Implement PCRE style in-regex comments; e.g. (?#comment) #2404

Closed makyen closed 6 years ago

makyen commented 6 years ago

The Python regex implementation we used does not appear to implement any method of having in-regex-text comments which would work in the watchlist and blacklists.1 It would be beneficial for us to be able to include comments in at least our watchlist and blacklist entries, and potentially the other regexes that we use in findspam.py. PCRE implements in-regex comments using comments like (?#comment).

It would be relatively easy for us to implement support for PCRE style regex comments.
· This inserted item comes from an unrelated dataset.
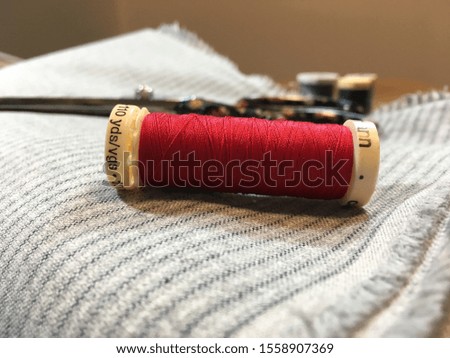 Red spool of thread on striped grey fabric. Cloth and tools ready for sewing project. Garment construction. Project readiness.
These could be implemented by just removing from the strings we convert to regexes any content which matches the regex \(\?#(?<!(?:[^\\]|^)(?:\\\\)*\\\(\?#)[^)]*\).2

This substitution could be performed at one of the following points (listed in in order of increasing generality):

  1. For watchlist and blacklists only: when we read the watchlist and blacklist lines from the files
  2. All 'regex' detections: just prior to using regex.compile() on the text provided in all the 'regex' detections, or
  3. All regexes: as a wrapper to regex.compile().

  1. There is the possibility of "Verbose" regexes using the X flag, which I assume is also available in the regex module we're using. However, using these would not address having comments in the watchlist and blacklists.
  2. That regex is untested, as it relies on variable length look-behinds for which I don't have a simulator/tester. The regex \(\?#(?<!^\\\(\?#)(?<![^\\]\\\(\?#)(?<!\\\\\\\(\?#)[^)]*\) is tested and correctly matches, or not, for up to 3 \ escapes prior to the `(?#comment).
quartata commented 6 years ago

it would be a lot easier just to use python-pcre

iBug commented 6 years ago

You can just blacklist/watch something that starts with a hash.

iBug commented 6 years ago

oops, accidentally tapped the wrong button, please ignore

makyen commented 6 years ago

@quartata Assuming that python-pcre does implement just PCRE, it's unlikely that it would be easier to use it. We currently use capabilities (e.g. variable length look-behind) which are not part of PCRE. If it was me, I'd much rather implement a single regex-replace (which is all that implementing this requires) than take on the known and unknown issues of moving to a different regex implementation.

makyen commented 6 years ago

Prior to writing this RFE, I had found non-official documentation which said these are not implemented. In addition, the official documentation I looked in didn't mention them, while mentioning other types of comments ("verbose" regular expressions).

However, having looked in the source code for regex, it does appear that this style of comment is already implemented as a standard part of both the re and regex implementations. After finding it in the source, I also found it in the re documentation.

So, there's no need for this RFE, as it's already natively supported. So, sorry to waste everyone's time.